DATASET SECTION:
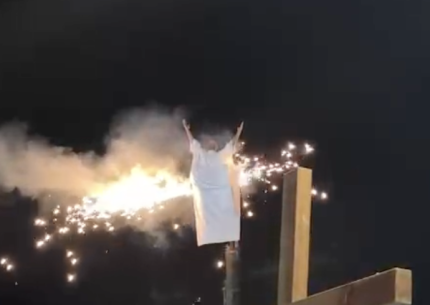 pegou-fogo!-henri-castelli-passa-sufoco-e-tem-figurino-incendiado-em-“a-paixao-de-cristo”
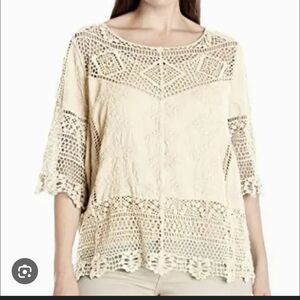 NWT Democracy Cream Crochet Flowy Sleeve Embrodiered Blouse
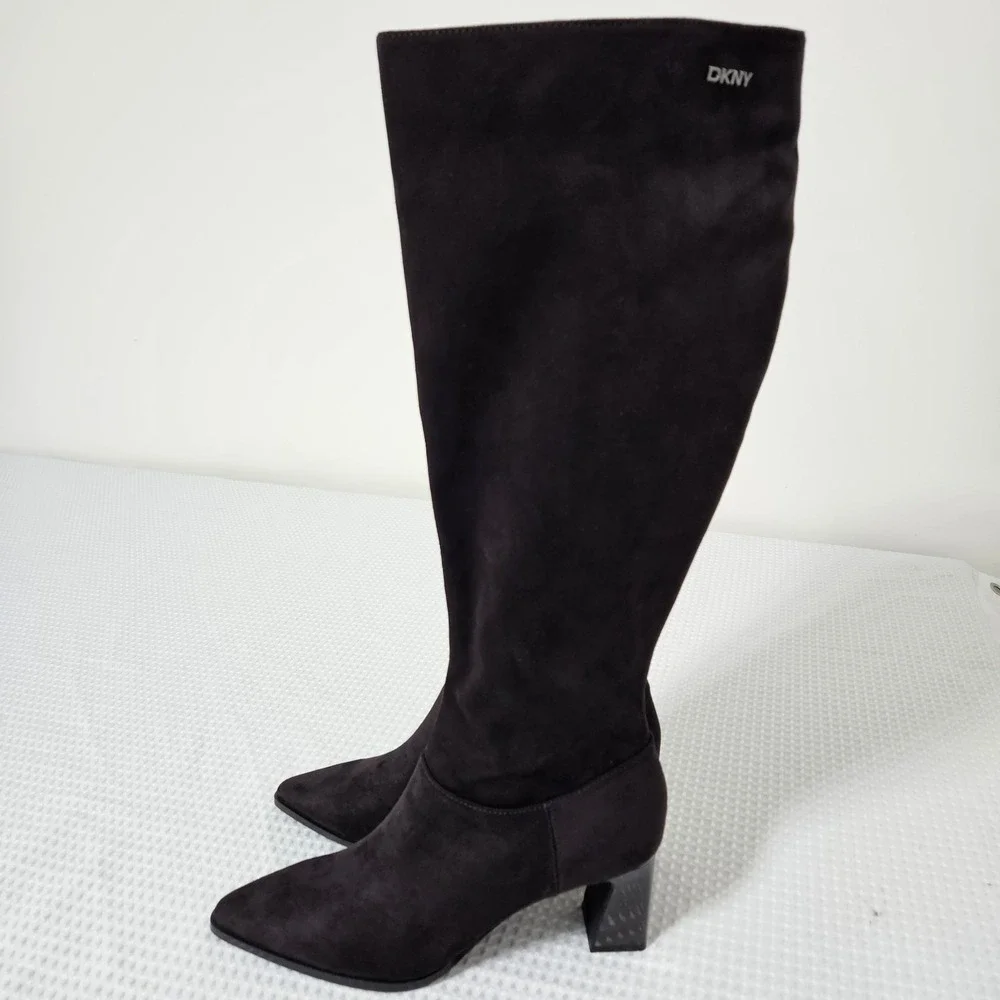 DKNY Womens‎ Knee-High Boots 8 Brown Faux Suede New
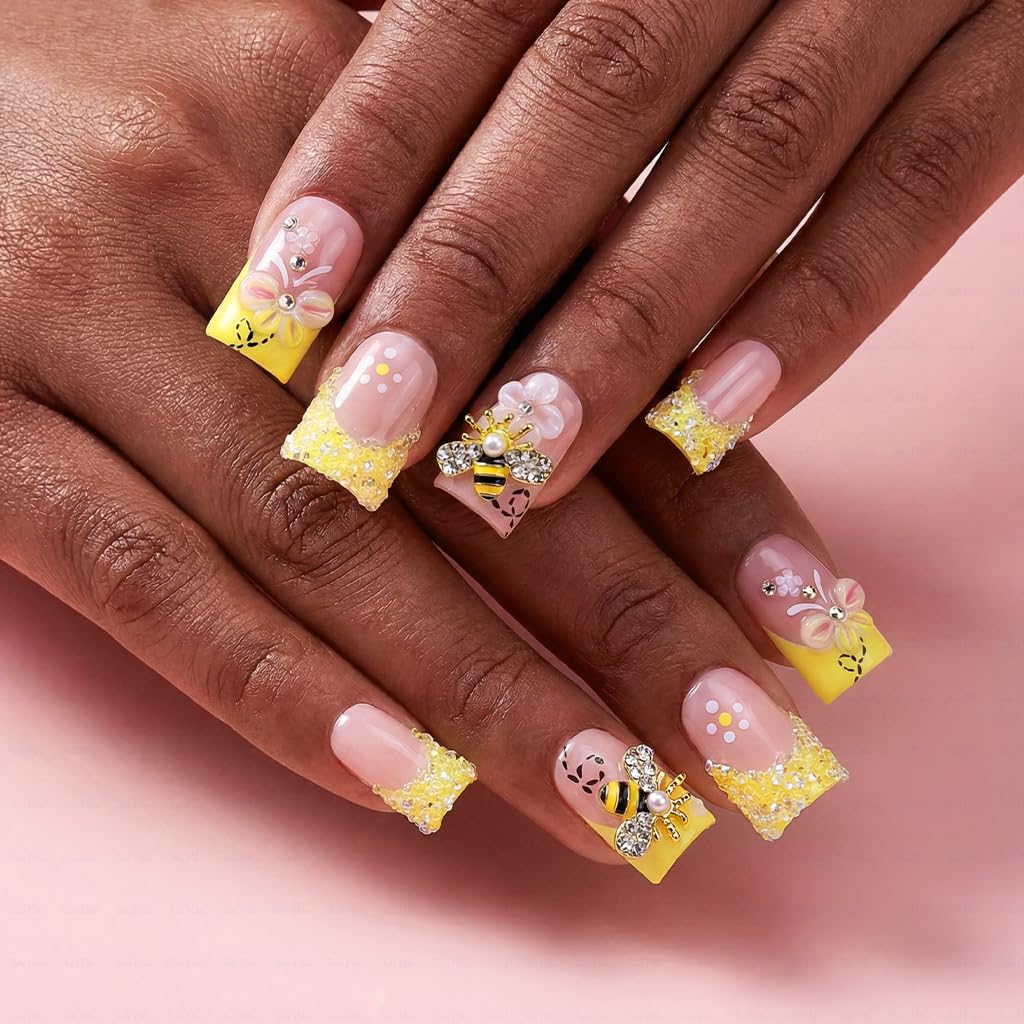 IntoVibes Handmade Short Duck Press On Nails, Precious Bee, 10 Pieces Reusable Acrylic False Nails, Size Medium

ABOUT THIS TASK:
From start to finish, output the listing exactly, but omit its pictures.

RESPONSE FOR THIS EXERCISE:
 pegou-fogo!-henri-castelli-passa-sufoco-e-tem-figurino-incendiado-em-“a-paixao-de-cristo”
 NWT Democracy Cream Crochet Flowy Sleeve Embrodiered Blouse
 DKNY Womens‎ Knee-High Boots 8 Brown Faux Suede New
 IntoVibes Handmade Short Duck Press On Nails, Precious Bee, 10 Pieces Reusable Acrylic False Nails, Size Medium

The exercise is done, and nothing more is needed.